Relator do Habeas Corpus, o ministro Palheiro destacou que a jurisprudência indica que a conclusão sobre a existência do dolo deve ser do Tribunal do Júri, juiz natural da causa, perante o qual a defesa poderá exercer amplamente a tese contrária. “Havendo elementos indiciários que subsidiem, com razoabilidade, as versões conflitantes acerca da existência de dolo, ainda que eventual, a divergência deve ser solvida pelo Conselho de Sentença, evitando-se a indevida invasão da sua competência constitucional.”

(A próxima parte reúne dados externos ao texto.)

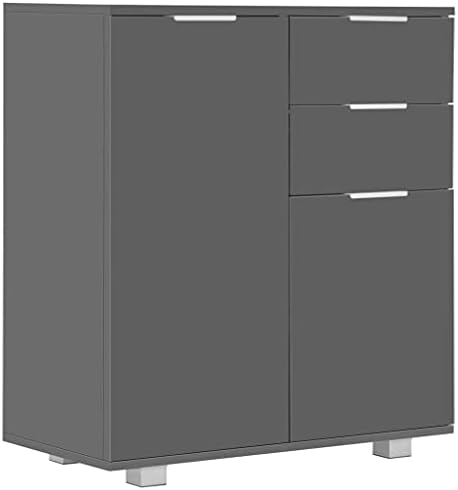 Sideboard High Gloss Grey 71x35x76 cm Chipboard +Material: Chipboard with a high gloss finish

Votou com ele o ministro Og Fernandes. Ambos ficaram vencidos.
Dolo eventual afastado
Abriu a divergência vencedora o ministro Sebastião Reis Júnior, que entendeu que a suposta embriaguez e a direção perigosa são os únicos elementos a apontar para a possível ocorrência do dolo do motorista. Ele apontou que o acidente ocorreu de madrugada, em local ermo, onde os acidentes eram tão constantes que a comunidade já pedia à prefeitura a instalação de barreiras metálicas — algo que só ocorreu após a tragédia.
Além disso, as mortes ocorreram após o carro cair de um barranco, sobre uma rua de casas em que acontecia um evento, circunstância que não poderia ser prevista pelo condutor do veículo.
Assim, a presença do dolo eventual é mera presunção que não permite que o caso seja levado ao júri popular. Não houve a indicação de elementos incontestes que demonstrassem o consentimento do acusado com o resultado lesivo.
O voto divergente destacou que a pronúncia é o momento em que o juiz deve averiguar se o caso é de homicídio com a intenção de matar. Por isso, permite-se a impronúncia, a desclassificação e até a absolvição sumária. “Não se trata de uma decisão que avalia a plausibilidade jurídica das acusações e recebe a inicial acusatória, mas de um juízo de admissibilidade realizado após produção probatória, razão pela qual não se admite que o acusado seja submetido a julgamento por juízes leigos, apenas por mera presunção, o dolo deve estar inequívoco, sob pena de incompetência do Tribunal do Júri.”
Ao acompanhar o relator, o ministro Rogerio Schietti pontuou que acaba sendo cômodo relegar ao Tribunal do Júri uma decisão técnica que nem juízes togados, muitas vezes, conseguem resolver com precisão. “Se não há indício de conduta dolosa, não creio que seja correto submeter o réu ao julgamento pelo Tribunal do Júri onde, bem sabemos, não há motivação do veredito e, portanto, questões técnicas podem ser contornadas por um mero decisionismo do órgão julgador.”
Votou com eles e formou a maioria o desembargador convocado Otávio de Almeida Toledo.